Certainly this is a useful and obvious lesson. And it is one which can be used at the margins to eliminate some useless activities from the work day. It also can be applied to real life activities. Such as with this blog. 20% of the readers are surely providing at least 80% of comments and sharing links to here with other sites. It certainly is wise to express appreciation and pay special attention to that 20%. Thanks.

Also, I can see this with my published research articles. 20% of my articles (namely, those in the Journal of Financial Planning: 7 / 37 = 19%), probably account for 95% of the cases in which someone has actually read an article I wrote. Most of the other articles I've written are destined to collect dust on a library bookshelf. I should clearly focus on writing articles only for outlets that will have an impact. 

Another cute point from the book: 20% of the workers in any large corporation surely account for 80% of the work effort. But employers are rarely able to provide 80% of the wage bill to those 20% of workers. So it can pay for such productive workers to set out on their own with self employment.
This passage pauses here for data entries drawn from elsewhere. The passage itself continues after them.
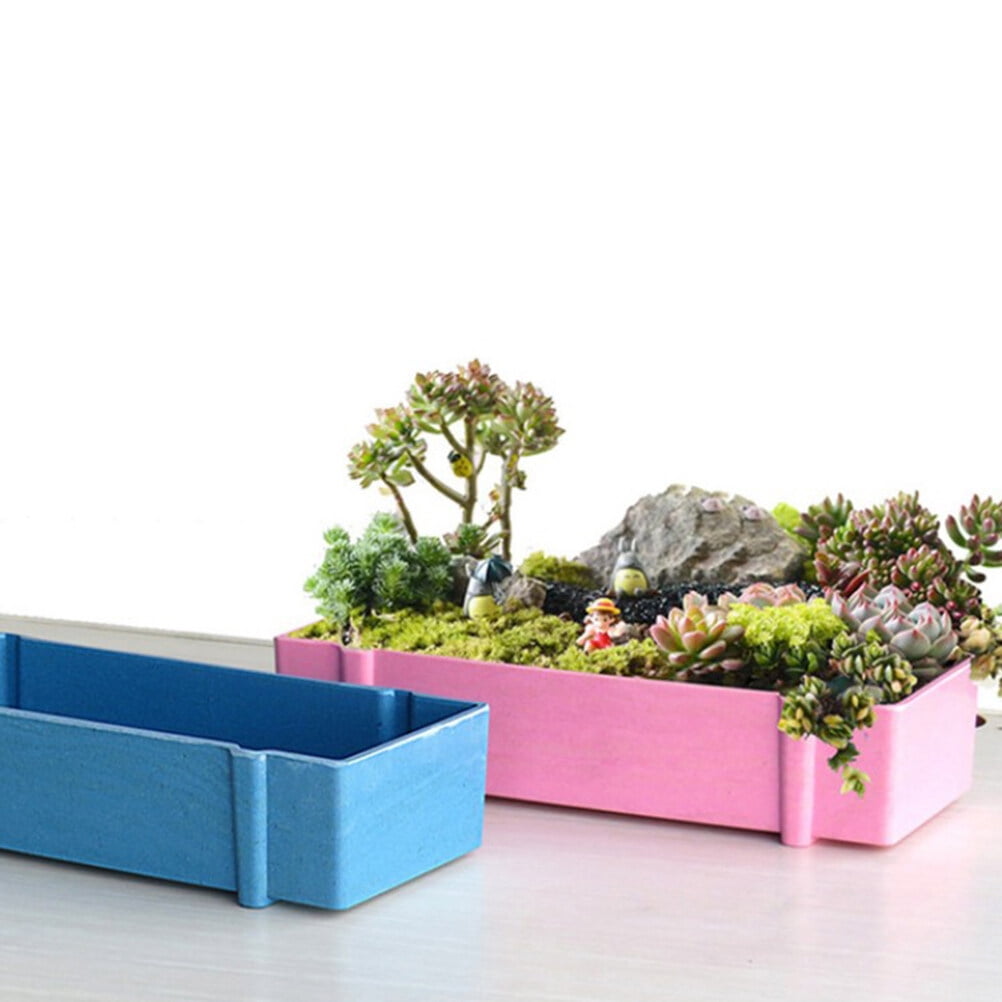Worgeous Succulent Flower Pot Houseplant Indoor Large Pots Planter for Plants Pink - Image 3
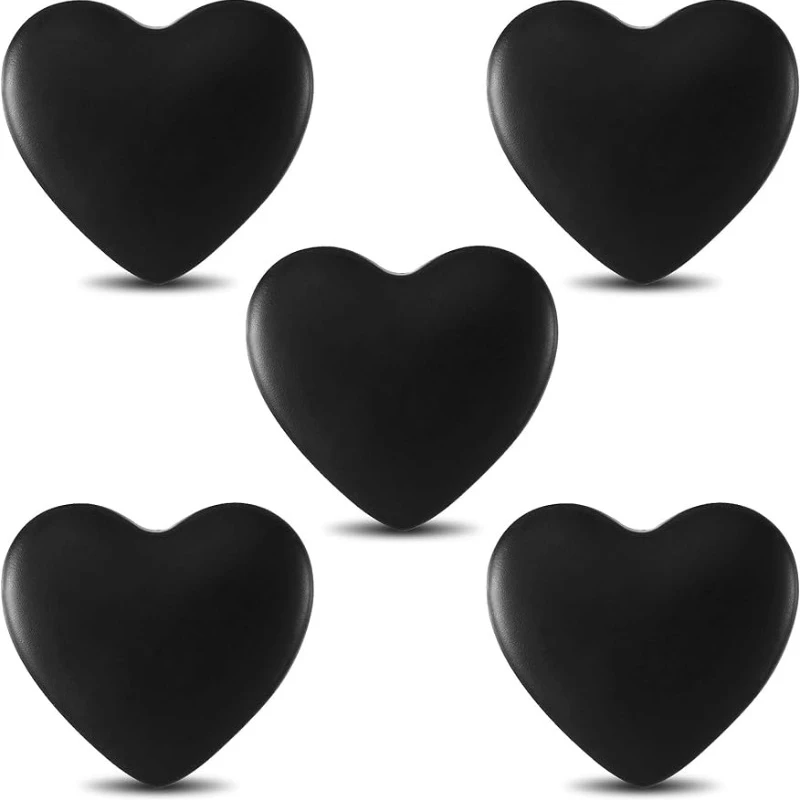 Metal Heart Stickers Self-Adhesive Black new Car Decals for Car Exterior Helmets 2025 Phone Case Laptop Window Envelope Card Making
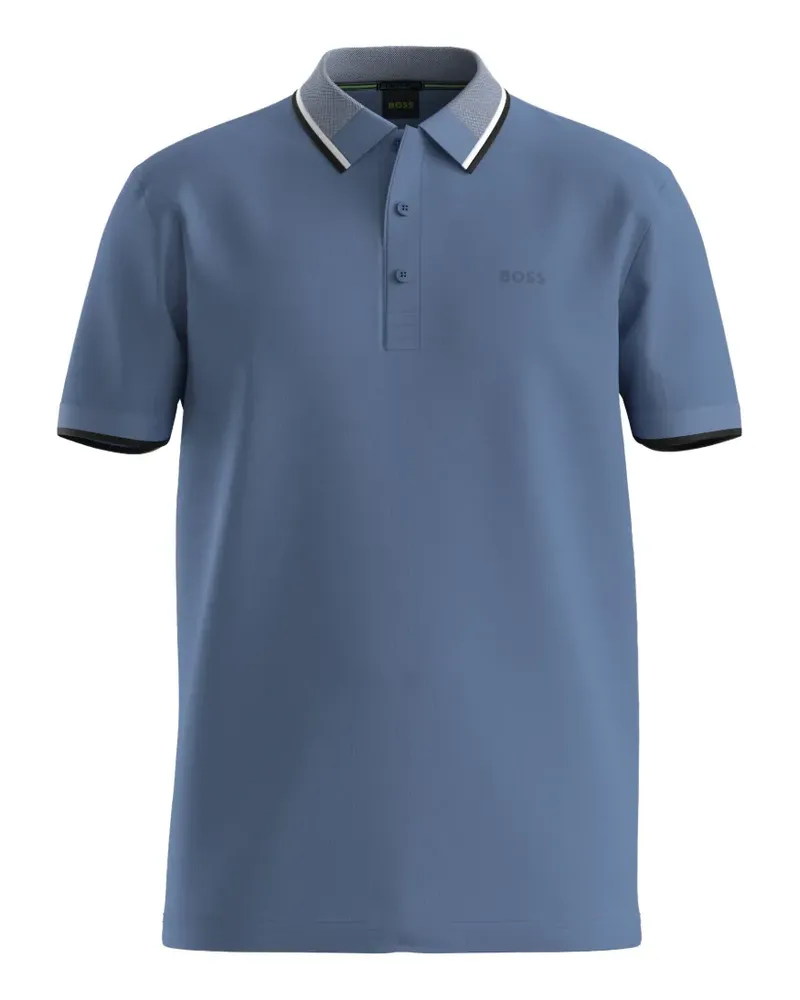 HUGO BOSS Poloshirt mit Knopfleiste - Blau Blau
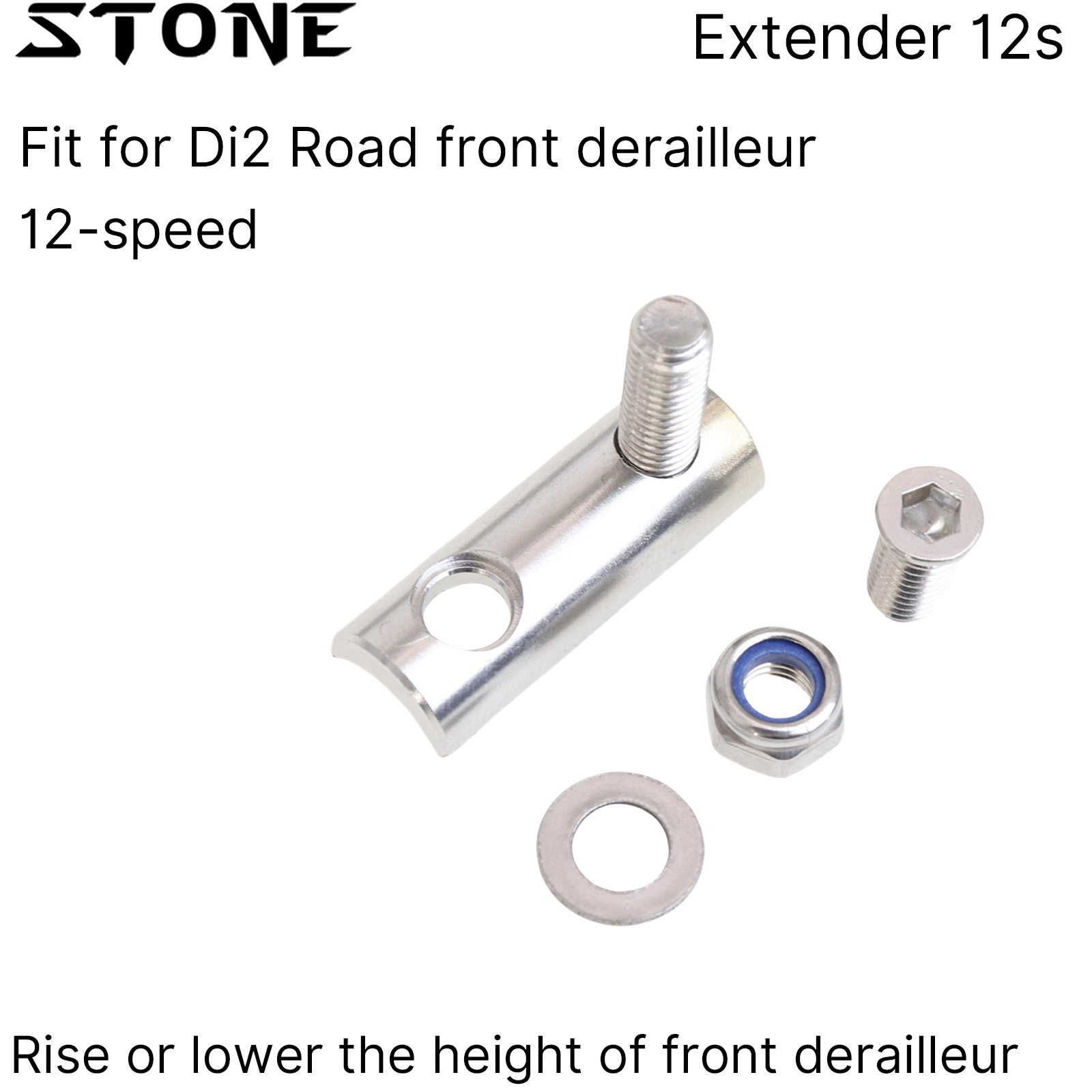 STONE Road Bike Front Derailleur Extender Adapter Convertor for SHIMANO ...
Another point from the book that is worth reemphasizing: usually the amount of time it takes to complete a project depends on the amount of time available. Procrastination can be good (if you are spending your time effectively on something else), as it forces you to produce output in a much shorter period of time that will probably be at least 80 or 90% as good as if you had spent much more time on the project. I'm experimenting with this now, as I need to get a research paper finished today.

As well, the book emphasizes that is important to specialize. Find a specific niche which you know better than anyone else. That is how you are able to provide value.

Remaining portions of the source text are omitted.